Bisnis.com, JAKARTA - Harga minyak melonjak setelah turun tiga hari beruntun pada akhir perdagangan Sabtu (22/5/2021), dipicu badai di Teluk Meksiko.
Kendati demikian, harga minyak mencatat penurunan mingguan karena investor bersiap untuk kembalinya pasokan minyak mentah Iran setelah negara itu dan kekuatan dunia membuat kemajuan kesepakatan nuklir.
Minyak mentah berjangka Brent untuk pengiriman Juli naik US$1,33 atau 2,0 persen, menjadi ditutup pada US466,44 per barel. Minyak mentah berjangka West Texas Intermediate (WTI) AS berakhir di US$63,54 dolar AS per barel, naik US$1,64 atau 2,65 persen.
Untuk minggu ini, kontrak berjangka minyak mentah AS merosot 2,7 persen, sementara minyak mentah berjangka Brent anjlok 3,3 persen, berdasarkan kontrak bulan depan.
Sistem cuaca yang terbentuk di bagian barat Teluk Meksiko memiliki peluang 40 persen menjadi topan dalam 48 jam ke depan, kata Pusat Badai Nasional AS (NHC), Jumat (21/5/2021).

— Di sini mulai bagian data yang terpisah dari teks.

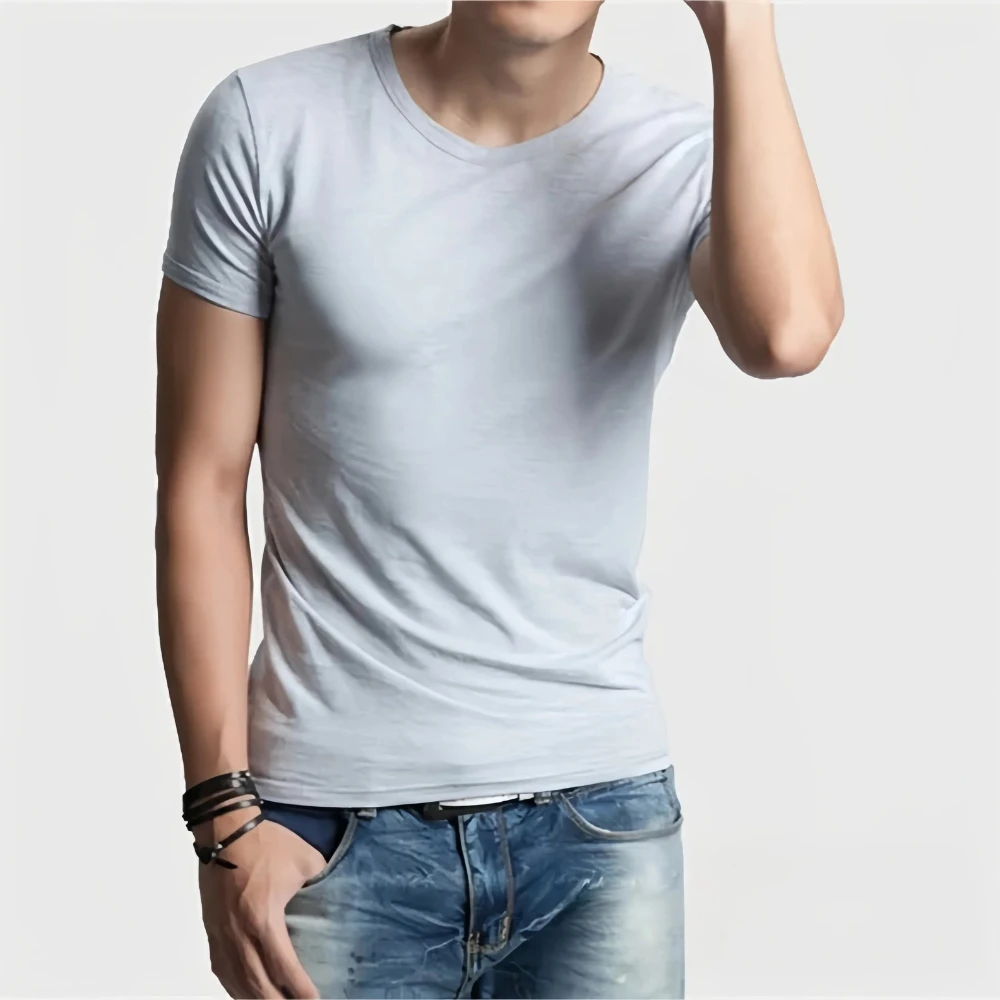 MRMT 2026 Brand New Men\'s T Shirt Pure Color Men Short Sleeved T-Shirt For Male Round Neck Man Tops Bottoming Tee Shirt Clothing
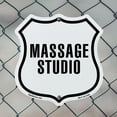 thumbnail image 5 of Massage Studio (2 Pack) 18 inch X 18 inch Shield Shaped Commercial Grade Plastic Signs Weather Resistant Made in the USA, 5 of 6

"Badai awal ini mendorong pedagang untuk membeli minyak mentah menjelang akhir pekan untuk mengantisipasi potensi penutupan produksi," kata Analis Senior di Price Futures Group di Chicago Phil Flynn.
Baca Juga
Namun, kenaikan dibatasi oleh ekspektasi bahwa Iran dapat menambah satu juta atau lebih barel produksi minyak per hari akhir musim panas ini. Kedua kontrak turun pada minggu ini, setelah Presiden Iran Hassan Rouhani, mengatakan Amerika Serikat siap untuk mencabut sanksi pada sektor minyak, perbankan, dan pengiriman negaranya.
Perusahaan energi AS menambahkan rig minyak dan gas alam untuk minggu keempat berturut-turut karena harga minyak yang lebih tinggi mendorong beberapa pembor untuk kembali ke sumur.
Jumlah rig minyak dan gas, indikator awal produksi di waktu mendatang, naik dua rig menjadi 455 rig dalam seminggu hingga 21 Mei, tertinggi sejak April 2020, kata perusahaan jasa energi Baker Hughes Co dalam laporan yang diikuti secara cermat pada Jumat (21/5/2021).
Iran dan kekuatan dunia telah dalam pembicaraan sejak April untuk menghidupkan kembali kesepakatan 2015 dan pejabat Uni Eropa yang memimpin diskusi mengatakan pada Rabu (19/5/2021) bahwa dia yakin kesepakatan akan tercapai.
Namun, investor tetap optimis tentang pemulihan permintaan bahan bakar musim panas ini karena program vaksinasi di Eropa dan Amerika Serikat akan memungkinkan lebih banyak orang untuk bepergian, meskipun meningkatnya kasus di seluruh Asia meningkatkan kekhawatiran.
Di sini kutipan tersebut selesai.